[Records contained in a dataset]

▬▬▬▬▬▬

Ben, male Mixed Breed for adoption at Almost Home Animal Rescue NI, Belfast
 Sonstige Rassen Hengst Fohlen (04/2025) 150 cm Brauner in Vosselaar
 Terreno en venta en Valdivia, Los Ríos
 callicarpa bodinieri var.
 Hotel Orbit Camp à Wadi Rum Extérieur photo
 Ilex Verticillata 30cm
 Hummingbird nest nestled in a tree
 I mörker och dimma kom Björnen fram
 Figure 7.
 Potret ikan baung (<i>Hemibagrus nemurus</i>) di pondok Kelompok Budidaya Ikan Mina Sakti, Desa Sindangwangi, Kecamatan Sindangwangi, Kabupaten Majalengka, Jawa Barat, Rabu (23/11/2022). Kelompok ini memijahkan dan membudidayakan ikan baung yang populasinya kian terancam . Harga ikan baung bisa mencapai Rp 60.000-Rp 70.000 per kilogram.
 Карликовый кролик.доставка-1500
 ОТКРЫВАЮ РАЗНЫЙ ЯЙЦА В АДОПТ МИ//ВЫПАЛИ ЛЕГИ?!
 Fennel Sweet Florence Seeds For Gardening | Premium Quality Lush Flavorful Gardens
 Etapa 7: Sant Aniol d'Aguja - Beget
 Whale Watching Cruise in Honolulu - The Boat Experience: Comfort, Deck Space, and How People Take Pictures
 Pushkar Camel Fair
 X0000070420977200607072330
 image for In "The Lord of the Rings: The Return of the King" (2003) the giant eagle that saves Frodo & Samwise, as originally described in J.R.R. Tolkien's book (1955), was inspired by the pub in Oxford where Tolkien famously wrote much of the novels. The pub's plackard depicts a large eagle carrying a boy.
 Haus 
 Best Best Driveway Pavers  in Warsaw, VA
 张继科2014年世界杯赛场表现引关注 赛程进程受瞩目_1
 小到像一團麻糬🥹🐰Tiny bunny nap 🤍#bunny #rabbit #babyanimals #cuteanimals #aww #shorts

▬▬▬▬▬▬

> **WHAT IS NEEDED**: Above are the records. Print exactly, and only, the lines from the line with "Whale Watching Cruise" to the line with "X0000070420977200607072330", both inclusive.

> **OUTPUT FOR THIS EXERCISE**:
 Whale Watching Cruise in Honolulu - The Boat Experience: Comfort, Deck Space, and How People Take Pictures
 Pushkar Camel Fair
 X0000070420977200607072330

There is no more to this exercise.